Roma, 4 novembre 2024 – Passeggiare nuda a Teheran. Un’eroina, una pazza. Quanto coraggio o quanta incoscienza bisogna avere per spogliarsi davanti alla polizia, sapendo che in Iran basta un capello fuori posto per cacciarsi nei guai? E che fine ha fatto la giovane Ahoo Daryaei, arrestata subito il gesto estremo? Da sabato di lei non si hanno più notizie ma il video della sua impresa, girato nel cortile del dipartimento di Scienza e Ricerca dell’Università Azad, ha già fatto il giro del mondo.
La ragazza, madre di due figli, viene rimproverata dalle guardie di sicurezza perché non indossa come si deve il velo islamico. Per protesta lei si toglie i vestiti e resta in slip e reggiseno viola, con le braccia conserte e i lunghi capelli sciolti. Prima si mette a sedere su un muretto tra gli studenti allibiti che riprendono la scena con il cellulare. Poi si allontana a piedi, uno schiaffo al regime senza precedenti. Finché un’auto la affianca e alcuni uomini la portano via.
Da quel momento la sorte di Ahoo è tutta da immaginare. Portata in commissariato, interrogata, trasferita in un carcere. E poi?
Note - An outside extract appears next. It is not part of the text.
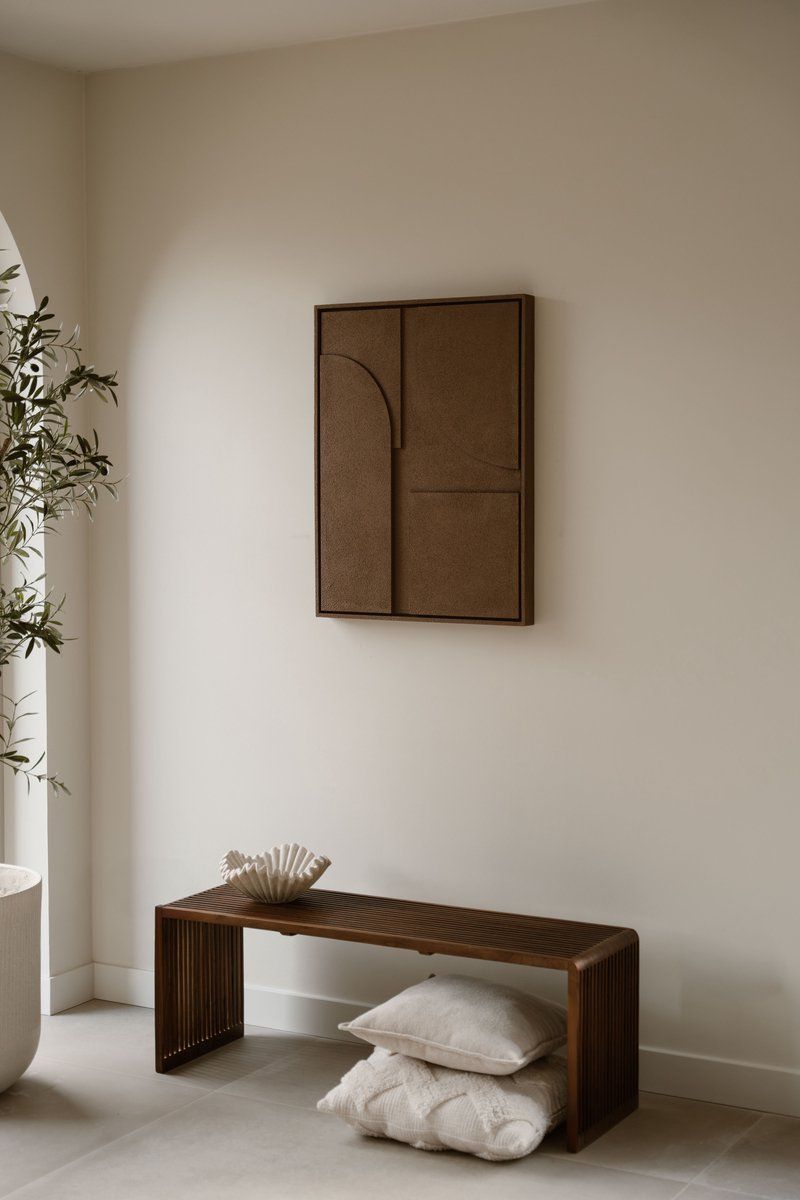 Indore Home – 3D Painting - Design B1 – Abstract Shapes – 3D Wall Panel - Brown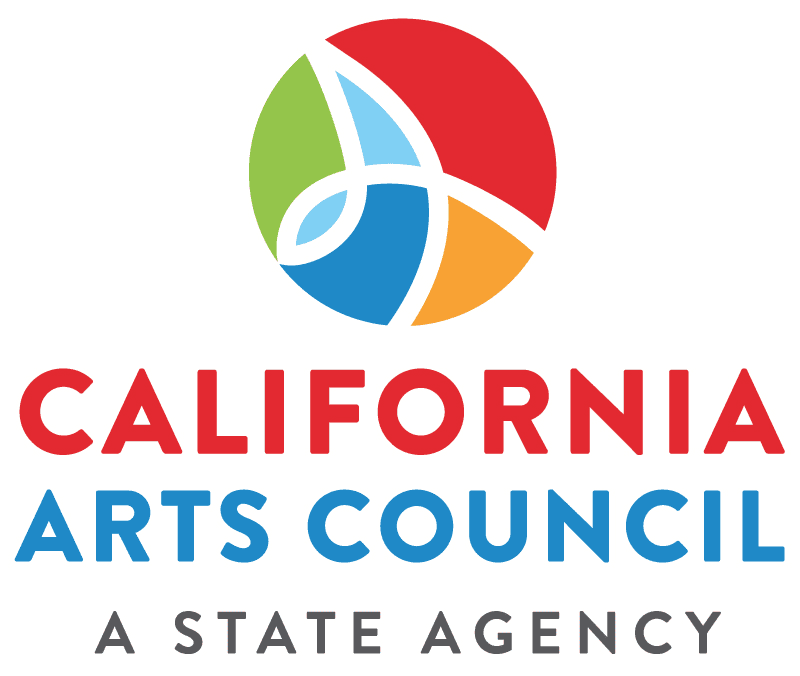 California Arts Council logo in Red, blue, yellow and light blue.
Il copione è sempre lo stesso e i precedenti autorizzano le ipotesi più tragiche.
Mahsa Amini aveva 22 anni quando fu arrestata il 13 settembre 2022 dalla polizia religiosa per inosservanza della legge sull’obbligo del velo, in vigore dal 1981. Morì il 16 in ospedale dopo tre giorni di coma e ferite riconducibili a un pestaggio ed è diventata il faro del movimento di protesta Donna Vita Libertà, slogan gridato al suo funerale e poi dappertutto. La prima, non l’ultima.
Durante le proteste nel suo nome fu fermata la sedicenne Nika Shakaram, in seguito stuprata e uccisa. Il gesto di Ahoo va oltre e mette in agitazione Amnesty International, che ne chiede il rilascio immediato. Secondo una newsletter di studenti su Telehram la ragazza è stata trasferita in un ospedale psichiatrico su ordine dell’intelligence dei Guardiani della Rivoluzione.
L’università si affretta a precisare che ha “un grave disagio psicologico” e i media statali rintracciano il presunto marito, che conferma. Iran International – sito in inglese e persiano con sede a Londra - sposta però la prospettiva: l’opinione pubblica iraniana denuncia da tempo quella che viene definita una tattica del regime: delegittimare le manifestanti etichettandole come psicologicamente instabili. Sui social si moltiplicano gli omaggi al “coraggio eroico” della donna: mutandine a righe e reggiseno viola sono diventato il nuovo simbolo della lotta delle donne iraniane per la libertà.